Como resultado, o último sábado marcou o início do desvendamento do governo da expansão impulsionada pela pandemia do Medicaid e do Children’s Health Insurance Program (CHIP), que viu as inscrições nos programas aumentarem 28,5% desde fevereiro de 2020 para um histórico de 91 milhões de beneficiários. . Cinco estados controlados pelo Partido Republicano deram o pontapé inicial no fim de semana passado ao desviar pessoas das listas dos programas, com todos os outros estados definidos para seguir o exemplo entre maio e julho.
O que isso significa é que, pelas estimativas do Departamento de Saúde e Serviços Humanos (HHS), 15 milhões de pessoas perderão seus planos de saúde nos próximos meses, incluindo 5,3 milhões de crianças. Pior ainda, com base nas tendências históricas, 6,8 milhões dessas pessoas perderão sua cobertura do Medicaid, apesar de ainda sendo elegível para isso simplesmente por ninharias burocráticas: vão deixar de renovar a matrícula, algo que a declaração de emergência fez com que não precisassem fazer nos últimos três anos, ou porque mudaram de endereço, não receberão a carta de envelope azul no correio para que façam a renovação.
O fato de isso estar acontecendo sob um presidente autoproclamado progressista que quer reconquistar os eleitores da classe trabalhadora torna isso ainda mais irritante. O mesmo acontece com o fato de que ele está desfazendo uma grande expansão do estado de bem-estar social que seu antecessor de direita, Donald Trump, implementou – o mesmo homem que pode acabar sendo seu oponente nas eleições novamente em 2024.

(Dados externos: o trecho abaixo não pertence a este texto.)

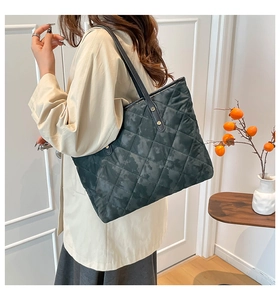 Détail du sac cabas matelassé foncé avec coutures en losange et rivets dorés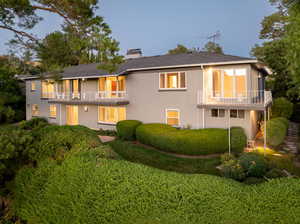 Back of home with balcony and deck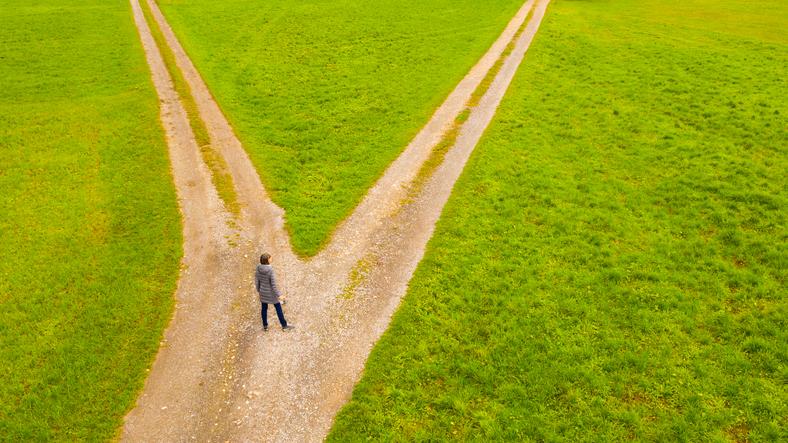 A woman stands at the crossroads of two diverging paths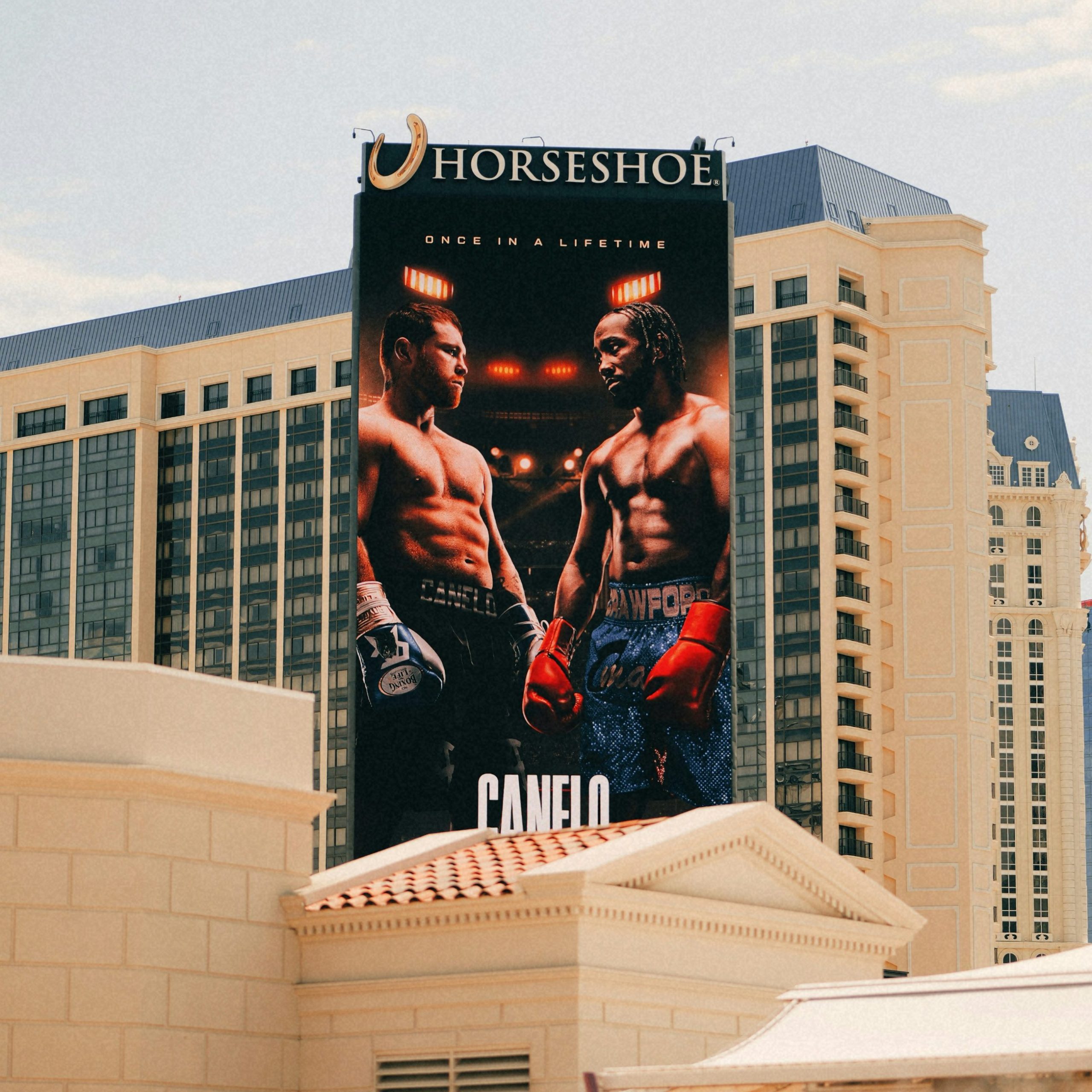 A giant poster of two boxing players displayed near a Las Vegas hotel.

De acordo com o Families First Act, sancionado pelo ex-presidente Donald Trump em março de 2020, os subsídios federais para os programas Medicaid dos estados foram tornados mais generosos, mas com duas condições: desde que esses estados não tornassem a elegibilidade para o programa mais difícil. para seus residentes e desde que não expulsem de suas listas ninguém já inscrito no programa. Isso significava que qualquer pessoa que acabasse ultrapassando o limite de renda de seu estado (às vezes absurdamente insignificante) para o Medicaid nos próximos anos não deixaria de ser elegível, como normalmente faria, mas manteria seus benefícios. A lei estipulava que isso continuaria enquanto a emergência de saúde pública que Trump declarou sobre o COVID-19 estivesse em vigor.

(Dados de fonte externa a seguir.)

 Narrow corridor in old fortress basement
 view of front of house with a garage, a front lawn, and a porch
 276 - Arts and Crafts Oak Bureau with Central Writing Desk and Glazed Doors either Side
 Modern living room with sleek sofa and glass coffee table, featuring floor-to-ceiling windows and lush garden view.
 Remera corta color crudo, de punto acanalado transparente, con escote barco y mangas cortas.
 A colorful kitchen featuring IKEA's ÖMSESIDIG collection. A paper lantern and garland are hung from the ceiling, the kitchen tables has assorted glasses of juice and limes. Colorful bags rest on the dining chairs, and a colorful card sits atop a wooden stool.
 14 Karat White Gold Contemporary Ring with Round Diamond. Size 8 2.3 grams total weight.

Infelizmente, essa declaração de emergência terminará em 11 de maio, graças aos esforços determinados do governo Biden para “sair” da pandemia, anunciando o fim da expansão do Medicaid de Trump. Na verdade, os efeitos do fim da declaração irão muito além disso, afetando a capacidade dos trabalhadores de obter testes gratuitos, vacinas e tratamento acessível para o vírus. Isso também significa o fim dos vales-refeição extras, outro programa generoso definido para continuar enquanto a emergência existir e uma tábua de salvação vital para os trabalhadores que lutam para pagar as contas do supermercado diante da inflação.

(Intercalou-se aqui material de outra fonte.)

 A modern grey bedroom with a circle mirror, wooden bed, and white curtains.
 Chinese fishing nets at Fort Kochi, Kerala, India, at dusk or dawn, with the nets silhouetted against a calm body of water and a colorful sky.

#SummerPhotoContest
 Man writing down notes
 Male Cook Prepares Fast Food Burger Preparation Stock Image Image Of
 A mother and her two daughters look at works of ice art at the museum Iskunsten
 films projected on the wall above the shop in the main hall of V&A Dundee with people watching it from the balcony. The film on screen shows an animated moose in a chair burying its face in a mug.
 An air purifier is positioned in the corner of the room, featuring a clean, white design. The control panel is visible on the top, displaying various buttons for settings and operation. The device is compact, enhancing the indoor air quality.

Mas é o cancelamento em massa do Medicaid e do CHIP que é indiscutivelmente o mais alarmante. Como sabe qualquer pessoa que tenha que navegar no disfuncional sistema de saúde controlado por empresas dos EUA, aqueles que não são cobertos pelo governo muitas vezes não têm boas opções. Não ter seguro pode, na pior das hipóteses, ser uma sentença de morte, enquanto obtê-lo é proibitivamente caro ou requer ter um emprego – e mesmo assim, você ainda pode ser ferrado pelas seguradoras de seis maneiras até domingo se ficar doente.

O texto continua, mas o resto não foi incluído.